Herr Wessels, Sie machen sich für ein Ja zur Preiserhöhung der Autobahnvignette stark. Weshalb sollen Ihnen die Basler Stimmbürger folgen?

Hans-Peter Wessels: In der Verkehrspolitik dürfen wir nicht kleinräumig denken. Die Vorlage bringt dem Kanton Basel-Stadt keine direkten Vorteile – aber dem Kanton Baselland. Für die Basler Regierung war deshalb sonnenklar, dass wir uns für ein Ja am 24. November einsetzen. Mit dem zur Vignetten-Vorlage gehörenden Netzbeschluss sollen Baselbieter Hochleistungsstrassen an den Bund übergehen. Diese Strassen sind auch aus Basler Sicht wichtig.

Weshalb?

Diese Strassen werden nicht nur von Baselbietern benutzt. So ist es für den Logistikstandort Basel von grosser Bedeutung, dass wir in der Nordwestschweiz eine leistungsfähige Verkehrsinfrastruktur haben. Täglich pendeln Tausende Baselbieter auf diesen Strassen zur Arbeit in die Stadt.

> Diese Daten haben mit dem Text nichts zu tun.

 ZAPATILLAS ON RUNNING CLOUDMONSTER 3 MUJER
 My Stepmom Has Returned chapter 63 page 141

Deshalb ist es auch in unserem Interesse, dass unser Partnerkanton entlastet wird und dass im Baselbiet Strassenprojekte wie der Ausbau der H18 realisiert werden können.

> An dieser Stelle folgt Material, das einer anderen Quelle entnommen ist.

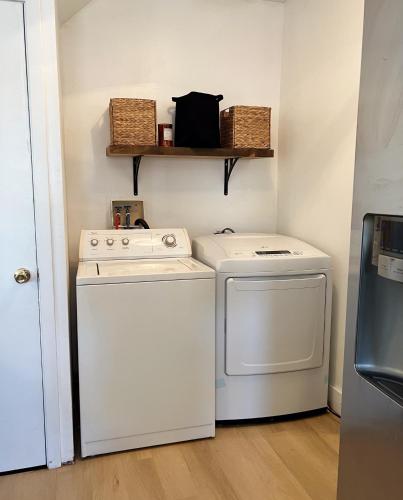 Pleasant Hill - 3 High St – Photos 5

Doch ist dazu eine Abtretung der kantonalen Hochleistungsstrassen im Baselbiet an den Bund nötig?

Unbedingt. Sollte die Vignetten-Vorlage abgelehnt werden, könnten die geplanten Ausbauvorhaben nicht realisiert werden. Der Kanton Baselland kann die Investitionskosten über rund 1,4 Milliarden nicht selber stemmen. Das sagt auch meine Baselbieter Amtskollegin Sabine Pegoraro.

Die Velofahrer in der Stadt dürften Sie damit kaum überzeugen. Der Ausbau der Strassen im Baselbiet wäre für sie im Gegenteil ein Grund, ein Nein zur Preiserhöhung einzulegen.

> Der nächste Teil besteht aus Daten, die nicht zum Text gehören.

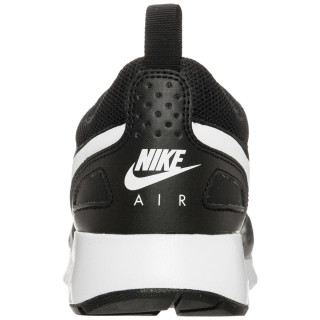 Nike Patike AIR MAX VISION 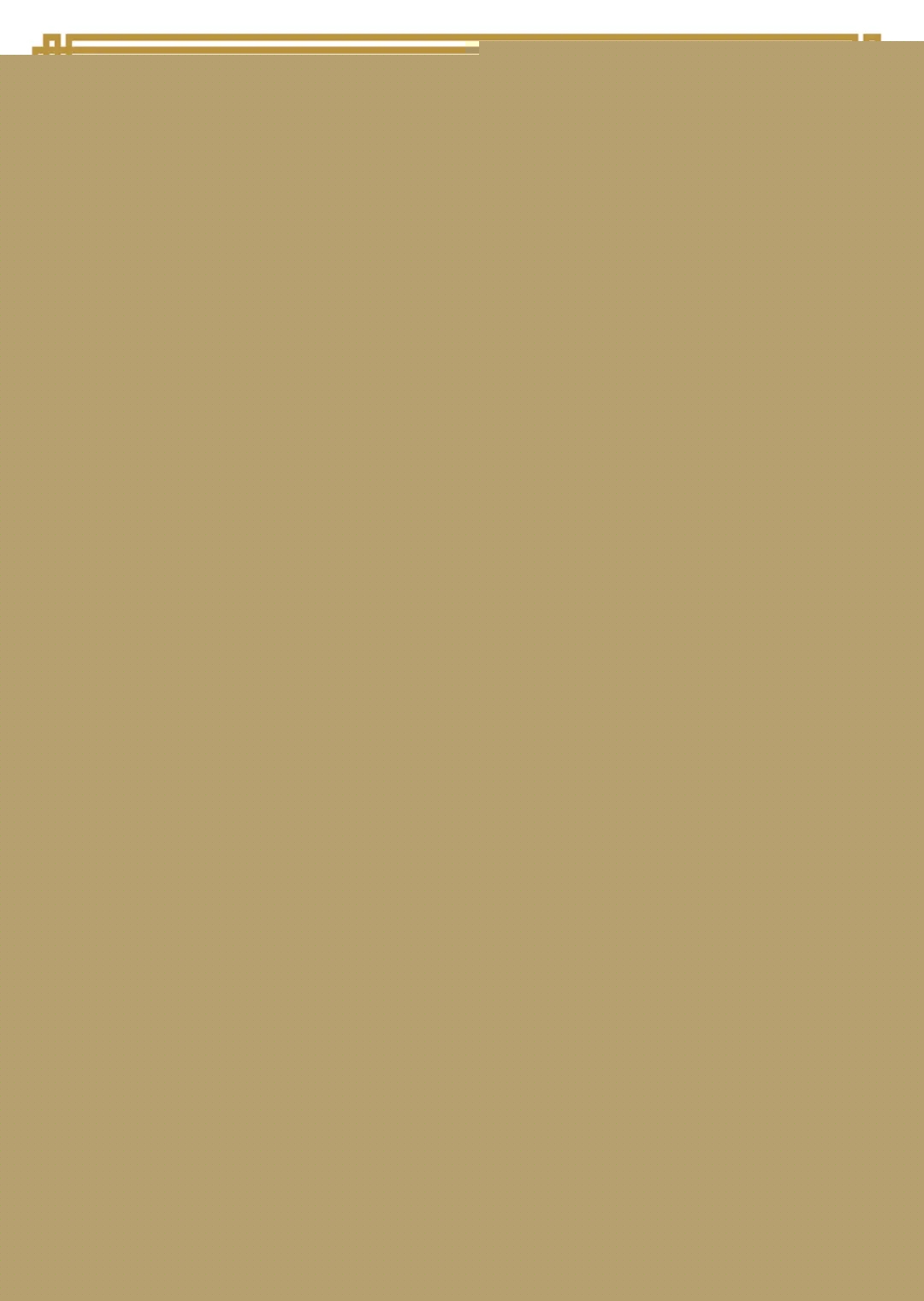 2.webp.jpg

Das glaube ich nicht. Man darf die verschiedenen Verkehrsträger nicht gegeneinander ausspielen. Der motorisierte Individualverkehr und der öffentliche Verkehr haben ergänzende Funktionen. In der Stadt setzen wir uns dafür ein, den Autoverkehr auf den Hauptverkehrsachsen zu kanalisieren. Dazu sind leistungsfähige Autobahnen notwendig. In den Wohnquartieren streben wir demgegenüber eine Verkehrsberuhigung und eine velofreundliche Infrastruktur an. Diese beiden Ziele widersprechen sich nicht; sie sind im Gegenteil die zwei Seiten derselben Medaille. Die Voraussetzung dafür, dass man in den Wohnquartieren verkehrsberuhigte Strassen einrichten kann, ist ja gerade, dass man leistungsfähige Hauptverkehrsachsen zur Verfügung hat.

Widerstand gegen die Preiserhöhung gibt es im rot-grünen Lager auch auf nationaler Ebene.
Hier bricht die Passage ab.